AVAILABLE DATA
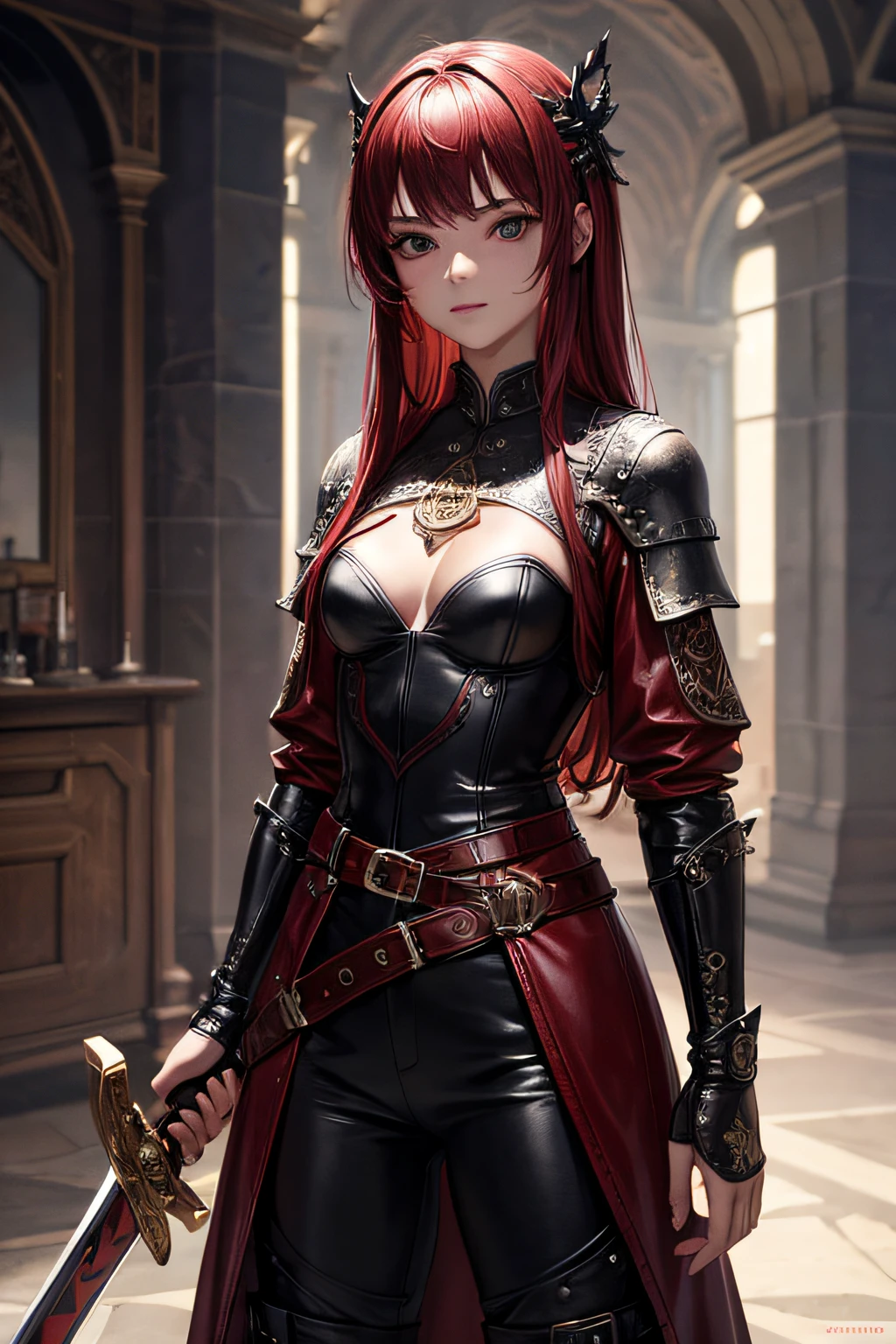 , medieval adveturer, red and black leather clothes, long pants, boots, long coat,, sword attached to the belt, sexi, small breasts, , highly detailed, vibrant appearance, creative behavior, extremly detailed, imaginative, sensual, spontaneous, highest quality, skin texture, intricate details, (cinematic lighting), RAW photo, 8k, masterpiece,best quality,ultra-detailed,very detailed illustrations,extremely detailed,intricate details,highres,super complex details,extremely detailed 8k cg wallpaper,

---

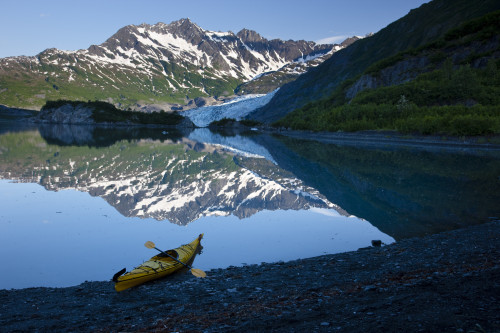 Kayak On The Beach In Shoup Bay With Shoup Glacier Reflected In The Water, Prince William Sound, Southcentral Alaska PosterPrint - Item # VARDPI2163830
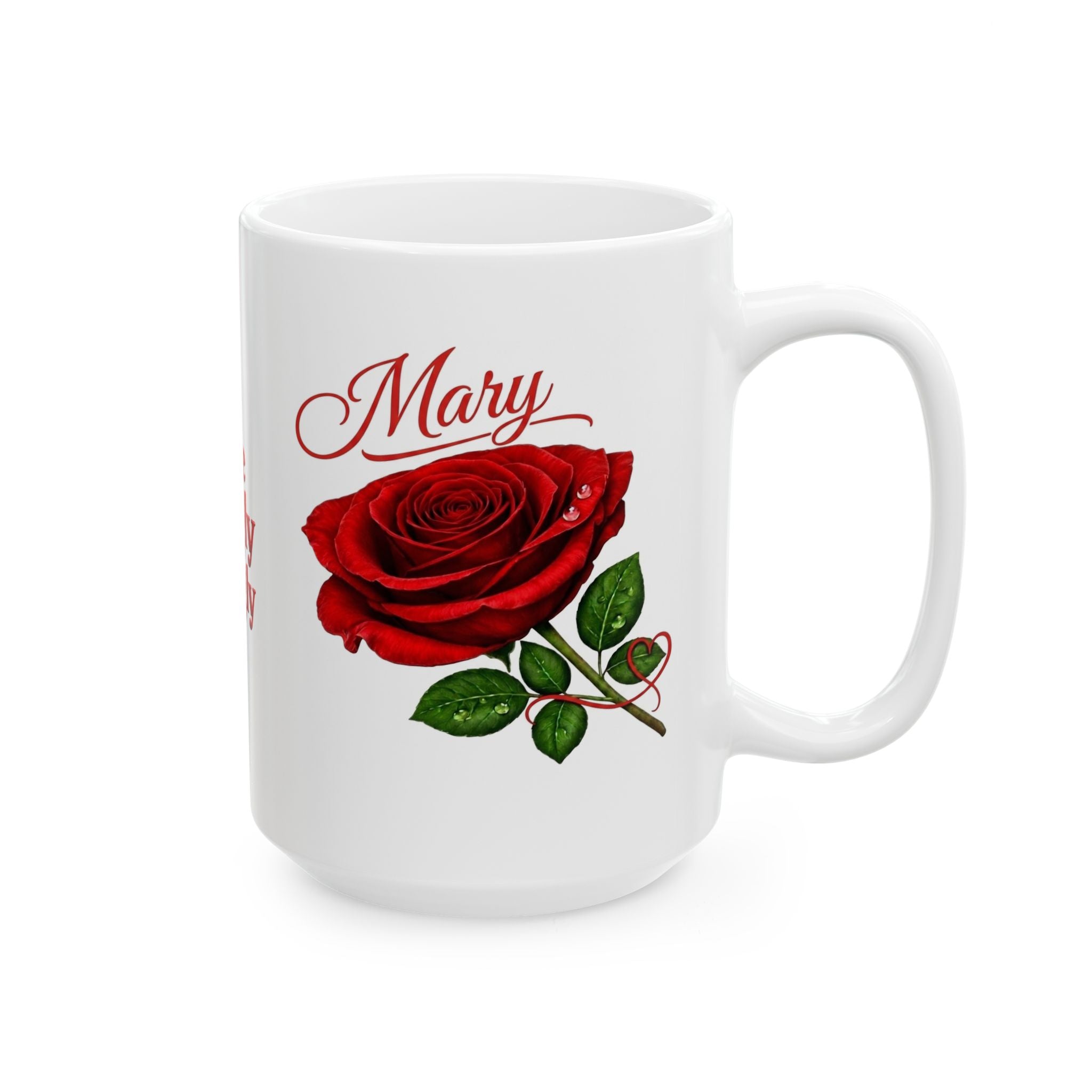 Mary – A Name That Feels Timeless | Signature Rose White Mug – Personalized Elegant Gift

WHAT TO DO
Repeat exactly the lines above, from the line that contains "Kayak On The" down through the line that contains "Mary – A Name". Include both of those lines and none of the pictures.

OUTPUT
 Kayak On The Beach In Shoup Bay With Shoup Glacier Reflected In The Water, Prince William Sound, Southcentral Alaska PosterPrint - Item # VARDPI2163830
 Mary – A Name That Feels Timeless | Signature Rose White Mug – Personalized Elegant Gift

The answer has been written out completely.